Task details:
Would you output the entries below only from the line containing "哈莉瑪（左）頒發獎學金給蔡家" through the line containing "Man and woman", exactly as they stand and with both ends included?

Given data:

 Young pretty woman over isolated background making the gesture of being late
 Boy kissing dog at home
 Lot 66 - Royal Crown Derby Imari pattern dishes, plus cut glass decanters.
--
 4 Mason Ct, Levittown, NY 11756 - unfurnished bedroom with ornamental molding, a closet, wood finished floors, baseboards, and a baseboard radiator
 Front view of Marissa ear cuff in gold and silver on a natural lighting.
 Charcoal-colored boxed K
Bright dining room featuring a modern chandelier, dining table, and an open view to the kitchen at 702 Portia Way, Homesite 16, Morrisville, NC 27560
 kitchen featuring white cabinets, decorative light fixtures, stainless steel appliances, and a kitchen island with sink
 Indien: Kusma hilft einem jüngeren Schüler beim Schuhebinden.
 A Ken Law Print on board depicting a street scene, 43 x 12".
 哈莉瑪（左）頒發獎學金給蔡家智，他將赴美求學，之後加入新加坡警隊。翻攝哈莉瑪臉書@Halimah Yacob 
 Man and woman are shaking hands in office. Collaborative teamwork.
...
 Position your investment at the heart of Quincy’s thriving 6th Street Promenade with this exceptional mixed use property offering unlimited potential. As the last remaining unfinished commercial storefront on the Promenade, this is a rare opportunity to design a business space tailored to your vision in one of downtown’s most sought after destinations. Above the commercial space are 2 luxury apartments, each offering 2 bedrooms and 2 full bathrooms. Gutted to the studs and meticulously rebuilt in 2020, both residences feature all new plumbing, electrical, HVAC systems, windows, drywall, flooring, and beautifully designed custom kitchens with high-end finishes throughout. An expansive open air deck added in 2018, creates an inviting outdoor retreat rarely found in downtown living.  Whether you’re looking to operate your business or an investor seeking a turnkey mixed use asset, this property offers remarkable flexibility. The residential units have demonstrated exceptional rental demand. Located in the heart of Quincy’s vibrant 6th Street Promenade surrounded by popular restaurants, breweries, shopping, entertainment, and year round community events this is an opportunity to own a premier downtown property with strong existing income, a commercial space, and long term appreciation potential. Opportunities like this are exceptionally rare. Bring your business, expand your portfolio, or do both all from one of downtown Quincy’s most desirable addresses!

Output of the exercise:
 哈莉瑪（左）頒發獎學金給蔡家智，他將赴美求學，之後加入新加坡警隊。翻攝哈莉瑪臉書@Halimah Yacob 
 Man and woman are shaking hands in office. Collaborative teamwork.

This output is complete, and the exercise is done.